The most important benefits of being involved in your own Neighborhood Watch program are:

Neighborhood policing by you and your neighbors, together with your own police, creates a greater sense of security, well-being, and reduction of fear of crime because you know you and your neighbors will “LOOK OUT FOR EACH OTHER.”

Reduce the risk of being a crime victim. You are taught how to take preventive measures that substantially decrease the likelihood of becoming a crime victim. The instances of other crimes such as vandalism, graffiti, personal assault, auto theft and other personal crimes also decrease.

The Neighborhood Watch program trains you how to observe and report suspicious activities occurring in your neighborhood. It trains you on what information law enforcement officers need when you report a crime.
Knowing your neighbor is an important feature and benefit of this program. You get to know participant’s regular patterns so you can see when something is unusual. You get to know how to contact them quickly.
You have greater access to criminal activity information. Neighborhood Watch programs are designed to keep participants informed of crime trends and patterns so they will be better prepared to spot criminal activity.
Participants get on-going training in how to protect themselves and their property. Personal safety awareness, whether you are at home, in public, or in your vehicle, and knowing what “to do and not to do” could prevent you from becoming a victim.

Posting Neighborhood Watch signs on your street and labels or decals in your windows tells a criminal that (a) you are not an easy target, that (b) they are probably being watched and (c) you have taken the steps necessary to deter crime in your neighborhood. Convicted burglars report avoiding neighborhoods that have Neighborhood Watch signs posted.

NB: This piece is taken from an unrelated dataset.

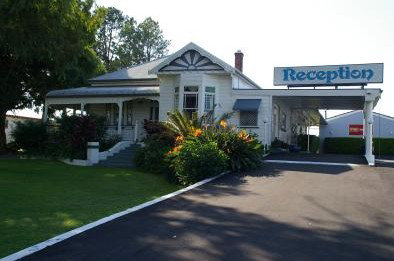 Colonial Court Motor Inn - Southport Accommodation 0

Address issues of mutual interest by getting together with your neighbors on a regular basis (monthly, quarterly, or what ever you wish). These may be for other crime prevention, fire protection, local planning, or other projects which you alone may say, “Why don’t they do something about… !” As a community, as an organization already working together as a Neighborhood Watch group, you have the stepping stone needed to getting things done.